Understanding Limits: Defining and Applying the Formal Definition

[alexjean]

Homework Statement

I know what a limit is and I understand the idea behind it, but I am misunderstanding something in the formal definition of a limit.

DEFINITION
Let f(x) be defined on an open interval about x₀, except possibly at x itself. We say that the limit of f(x) as x approaches x₀ is the number L and write

lim_{x → x0} f(x) = L

if, for every number ε > 0 there exists a corresponding number δ > 0 such that for all x,
0 < abs(x – x0) < δ
=>
abs(f(x) – L) < ε



The attempt at a solution

For example, take f(x) = x²

I could, incorrectly, assert that lim_{x → 2} f(x²) = 1

Now, δ > abs(x - 2) > 0
and ε > abs(f(x) - 1)

If:
1) this holds true for all values of x (except x = x₀ = 2), and,
2) for every possible value of epsilon some value of x which satisfies the above statement for both ε and δ exists,
Then:
1 is the limit of x² as x approaches 2.


As an example, I pick x = 3. So,
δ must be > 3
and
ε must be > 8

I can continue and choose arbitrary values of x, none of which seem to be a problem.

Likewise, for any value of epsilon I can think of, I can find an value of x which satisfies the inequality ε > abs(f(x) - 1) which also satisfies δ > abs(x - 2) > 0.
ex: when ε > .01 I could have x = .999. This x also satisfies δ > abs(x - 2) > 0
(as far I can tell, it's impossible not to satisfy gamma, as long as x isn't equal to x₀)

By that reasoning, the claim I made above is true and lim_{x → 2} f(x²) = 1



By the reasoning I'm using with the formal definition, I can state that any value of L is the limit for any function at an arbitrary x₀ (given that the function has values infinity close to L at some point in time). This is clearly incorrect. Would anyone please point out the error in my application of the definition of a limit?

Thank you.

 

[Mark44]

Homework Statement

I know what a limit is and I understand the idea behind it, but I am misunderstanding something in the formal definition of a limit.

DEFINITION
Let f(x) be defined on an open interval about x₀, except possibly at x itself. We say that the limit of f(x) as x approaches x₀ is the number L and write

lim_{x → x0} f(x) = L

if, for every number ε > 0 there exists a corresponding number δ > 0 such that for all x,
0 < abs(x – x0) < δ
=>
abs(f(x) – L) < ε
The attempt at a solution

For example, take f(x) = x²

I could, incorrectly, assert that lim_{x → 2} f(x²) = 1

Now, δ > abs(x - 2) > 0
and ε > abs(f(x) - 1)

If:
1) this holds true for all values of x (except x = x₀ = 2), and,
2) for every possible value of epsilon some value of x which satisfies the above statement for both ε and δ exists,
Then:
1 is the limit of x² as x approaches 2.As an example, I pick x = 3. So,
δ must be > 3
and
ε must be > 8

I can continue and choose arbitrary values of x, none of which seem to be a problem.

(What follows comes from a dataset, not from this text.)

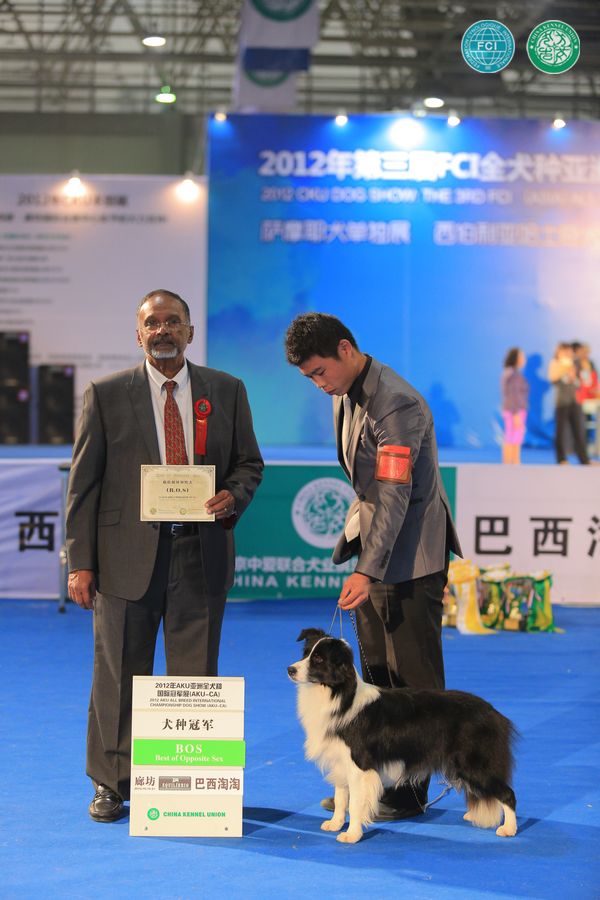 图片点击可在新窗口打开查看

Likewise, for any value of epsilon I can think of, I can find an value of x which satisfies the inequality ε > abs(f(x) - 1) which also satisfies δ > abs(x - 2) > 0.
ex: when ε > .01 I could have x = .999. This x also satisfies δ > abs(x - 2) > 0
(as far I can tell, it's impossible not to satisfy gamma, as long as x isn't equal to x₀)

By that reasoning, the claim I made above is true and lim_{x → 2} f(x²) = 1
By the reasoning I'm using with the formal definition, I can state that any value of L is the limit for any function at an arbitrary x₀ (given that the function has values infinity close to L at some point in time). This is clearly incorrect. Would anyone please point out the error in my application of the definition of a limit?

Thank you.

Your error is that someone else chooses $\epsilon$, and from that you have to find a δ > 0 so that, when |x - 2| < δ, |f(x) - L| < $\epsilon$.

Using your example, where you postulate that $\lim_{x \to 2}x^2 = 1$, I will say that $\epsilon = .01$. You now have to find a pos. number δ such that for each x $\in$ (2 - δ, 2 + δ), then x² $\in$ (.99, 1.01).

Sketch a graph of the function y = x², and you'll see that this can't happen.